Thanks, but no thanks: "To me, dignity comes first, then job security, money is also secondary. When dignity is lost, money is of no use."
If nothing else, the bank’s response demonstrates a key feature of workplace sexual harassment and violence in China: the systemic failure on the part of employers to provide necessary labor protections for employees. Still without a job, Wang is set to receive no material compensation from the bank, and, after the media storm subsides, the unnamed male assailant will likely walk away scot-free – no investigation, no material damages, no public record of the incident, and no real legal accountability. With the costs of openly opposing sexual harassment so high, many victims feel rightly isolated and helpless about their circumstances.
Sadly, the case is far from unique in China. Every couple of years, Chinese social media networks drum up a widely publicized example of workplace sexual harassment. In the absence of stronger laws that force employers to comply with legal protections and protect victims from retaliation, employers like Minsheng Bank are free to cook up tepid public apologies while otherwise leaving workers empty handed and assailants off the hook.

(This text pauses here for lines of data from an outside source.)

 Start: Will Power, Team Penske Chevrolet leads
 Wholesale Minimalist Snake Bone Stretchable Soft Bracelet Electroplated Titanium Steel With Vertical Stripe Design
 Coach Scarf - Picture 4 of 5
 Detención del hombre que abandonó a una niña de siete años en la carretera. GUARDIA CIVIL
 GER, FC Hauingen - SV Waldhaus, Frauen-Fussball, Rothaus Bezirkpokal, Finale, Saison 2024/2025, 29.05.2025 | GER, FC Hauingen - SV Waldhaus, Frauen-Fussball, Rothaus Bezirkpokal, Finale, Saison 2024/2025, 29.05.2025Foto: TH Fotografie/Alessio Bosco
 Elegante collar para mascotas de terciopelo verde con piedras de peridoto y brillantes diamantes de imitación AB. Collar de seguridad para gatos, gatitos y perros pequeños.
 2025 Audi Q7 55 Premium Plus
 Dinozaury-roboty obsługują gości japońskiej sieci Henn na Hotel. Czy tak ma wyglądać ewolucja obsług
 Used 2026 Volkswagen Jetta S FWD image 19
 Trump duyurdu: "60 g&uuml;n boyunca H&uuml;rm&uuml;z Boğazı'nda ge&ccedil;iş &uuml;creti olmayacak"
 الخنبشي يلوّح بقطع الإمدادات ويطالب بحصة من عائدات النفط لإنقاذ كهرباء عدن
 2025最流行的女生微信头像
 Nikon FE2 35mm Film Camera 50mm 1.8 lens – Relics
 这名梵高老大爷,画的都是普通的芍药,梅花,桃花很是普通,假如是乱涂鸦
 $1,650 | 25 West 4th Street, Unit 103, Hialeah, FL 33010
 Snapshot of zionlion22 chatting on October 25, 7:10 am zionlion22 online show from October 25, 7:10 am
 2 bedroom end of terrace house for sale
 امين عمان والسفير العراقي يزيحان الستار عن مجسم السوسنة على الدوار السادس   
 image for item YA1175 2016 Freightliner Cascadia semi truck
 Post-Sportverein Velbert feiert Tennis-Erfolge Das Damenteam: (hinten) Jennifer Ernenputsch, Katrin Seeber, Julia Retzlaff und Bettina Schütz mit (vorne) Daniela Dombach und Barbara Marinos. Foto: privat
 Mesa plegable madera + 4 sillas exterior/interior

Underreported and under-prosecuted
Everyday 330 million Chinese women go to work, and, according to a 2009 report from two professors at City University in Hong Kong, 80 percent of working Chinese women report experiencing sexual harassment at some point in their working lives. Sexual harassment and gender-based violence in the workplace, especially in low-wage or poorly regulated industries—such as retail and domestic work—continue to slip under the radar, underreported and under-prosecuted.
Widespread as harassment may be, in China, legal action against assailants and their employers remains few and far between. China’s Law on the Protection of Women’s Rights and Interests, passed in 2015, promises explicit protections for women from sexual violence and even enabled women to take perpetrators to court, potentially subjecting employers to fines and lawsuits for mishandling cases.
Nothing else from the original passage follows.